I am trying to learn and practice MPLS VPN. I can successfully connect customer sites together, but how can I bring Internet connectivity "properly" to customer sites ?

I am using the following topology.


Summary:
- eBGP between CORE_1 (CORE_2) and ISP_1 (ISP_2) respectively ;
- iBGP full mesh (between core routers, between core and access, between access) ;
- MP-BGP between ACCESS_1 and ACCESS_2 ;
- each customer has his VRF which is shared with MP-BGP ;

I have connectivity between access routers and "internet", so I know eBGP and iBGP is OK. I also have connectivity between customer sites.
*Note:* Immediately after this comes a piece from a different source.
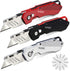 KATA 3-Pack Heavy Duty Box Cutter Folding Utility Knife With Zinc Alloy Body, Quick Change Blades, Lock-Back Design, Extra 12pc Blades For Cartons...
I have used same IP ranges for both customers but different IP address to be sure they do not mix :-)

Now about my goal: how to "get out" of that MPLS VPN cleanly ? How to bring internet to customer sites.

I found one way to do this:
- on the access router, create a VLAN interface on f0/0 and put it in the customer VRF
- on both core routers, create a VLAN interface on f0/0 (same VLAN id)
- establish iBGP sessions between customer VRF and core routers to route public prefixes

This works, but I find it not ideal because this means I need to change the config on nearly every device (CPE, access routers, core routers and switches). Also, it means that a packet moving between customers has to go through core routers while I think it would be best if it stayed on the access "layer".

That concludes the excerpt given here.